I guess people are not understanding the issue, so let me rephrase.

I’ve observed that there are four different methods for specifying connectivity of ways in OSM:

  1. Ways that share a node with each other (this is about 20%)
  2. Ways on the ground layer that overlap (ie, intersect) each other (this is probably about 30%)
  3. Ways that come close to intersecting (this is about 60%).

The percentages are my rough guess approximations based on my work over the past several months in building a new routing algorithm on top of OSM. I haven’t actually calculated the true percentages.
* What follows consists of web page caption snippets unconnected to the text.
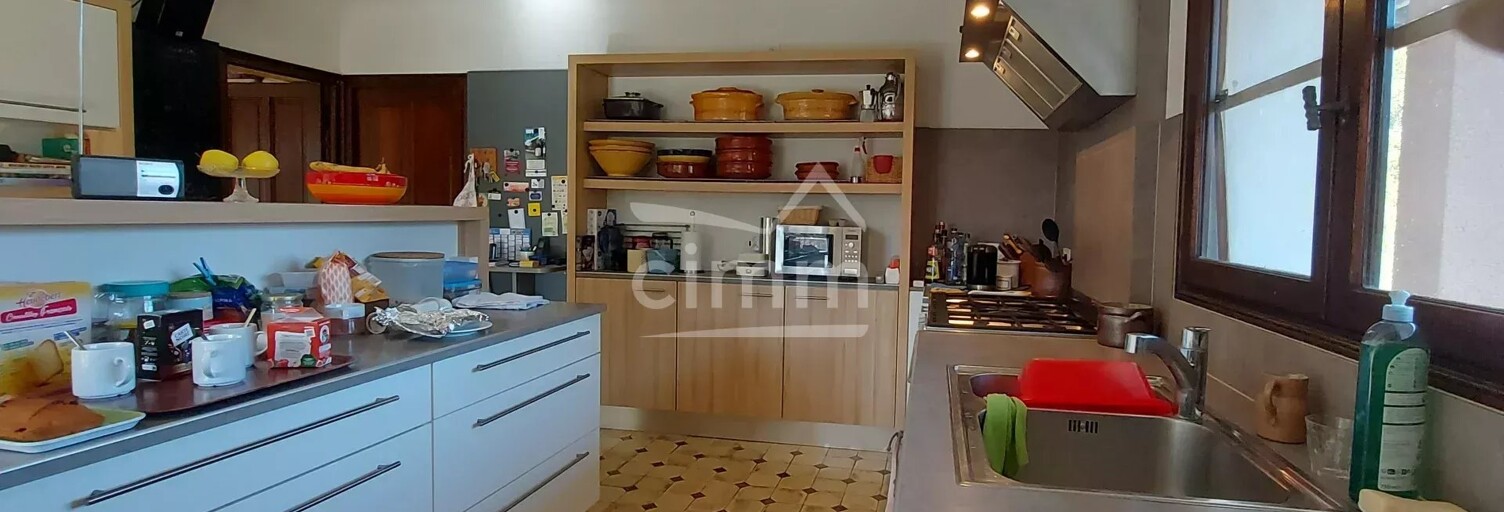 Maison 11 Pièces 400 m² à vendre à La Motte-du-Caire (04250)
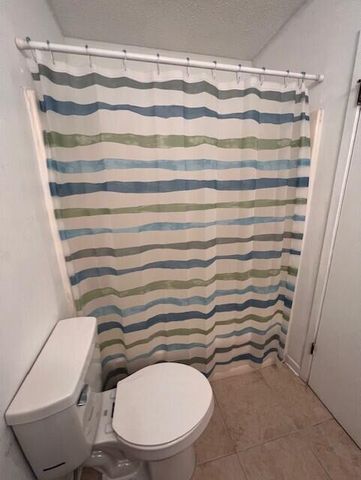 1925 Esplanade Street, Navarre, FL 32566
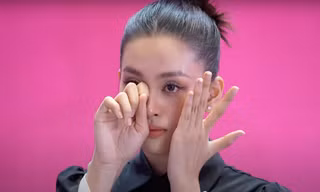 Chuyện gì đã diễn ra khiến cho 'mỹ nhân đẹp ngàn năm có một' phải bật khóc tại 'Hoa hậu Việt Nam'?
Case #3 occurs almost any time there is a road with a side street coming off it. The side street is created second after the main street, and nobody bothers to break the main street into two ways and join them with a node at the intersection. They don’t make the side street having an actual intersection because this would cause, effectively, a short “virtual” side street on the opposite side. It is impossible with floating point arithmetic to expect that it exactly intersects without slightly going over. Therefore, tolerances are needed.

The point is that it is not common practice in OSM to join ways via a node. This is not common practice because it is not obvious to the people who contribute, and hence, it cannot be assumed to be that way all the time. I am not going to build a broken routing system that ignores 60% of the connections just based on the principle that “they should have done it differently”…

So, with that said, an intersection tolerance must be set by anyone who converts OSM into a graph structure, and for this purpose there should be a standard tolerance, so that we can say “if the intersections is less than this amount, then it is good data; if it is more, then it is bad data.”

Currently I’m using 1 meter as my tolerance.

Method 1 above is the only one considered as a connection by the OSM data model and AFAIK by the currently existing OSM based routing engines.

Method 2 is flagged as an error by most QA tools as long as both ways are not at different layers, because then you can not decide if the ways actually connect and someone forgot the connecting node or they cross each other on different levels and someone forgot the layer tag.

Method 3 is flagged as an potential error by most OSM QA tools, because ways coming very close but not connecting do exist, but edit errors exist more often.

The percentages you observed for the different connections do not match my observations; it might be that the area you are working on has particulary bad data.

Good to know.

This is supposed to be the only method for specifying connectivity of ways in OSM, and in regions with a sufficient number of experienced, active contributors, this will be applied correctly in well above 99% of intersections.

Yes, it happens that new contributors don’t understand connectivity requirements, but that’s not the main cause of connectivity errors. These types of errors are very prevalent precisely in those areas where most data is not created by human mappers, but imported.

Are you using import-derived data for testing your system? Say, data from the USA, particularly from one of the parts of the USA where most roads are still TIGER data? That might explain why you observe a number of errors which would be uncharacteristically high for data in regions with a high mapper density.

If you want to build a routing system that works with OSM data even in those parts of the world where our data is mostly broken, then you probably need to use heuristics like that. Naturally, since this is not the intended way of mapping, you won’t find any recommended tolerance values.

But if you are ever going to publish software based on your routing system, please switch the heuristic off at least in those parts of the world that are generally well maintained. It will inevitably introduce some new errors (say, routes jumping over a wall or down a cliff), and I wouldn’t want contributors to feel compelled to “fix” entirely correct data.

Also a piece of more specific advice: If a node or the way containing it has a noexit=yes tag, then you certainly should not apply any proximity-based heuristics. These tags are also used by quality checkers such as JOSM validator to rule out accidentally incorrect connectivity (basically, a mapper can override false positive “these nodes are very close to each other, are you sure the ways are not connected?”-style warnings with that tag), and can therefore sometimes be found on very close, but unconnected, way end nodes.

Based on this feedback I’m going to switch back over to the strict method of connections without using heuristics in order to do a more thorough evaluation. If the level of errors overall is much lower than I thought then we’ll just fix them manually. Thanks guys!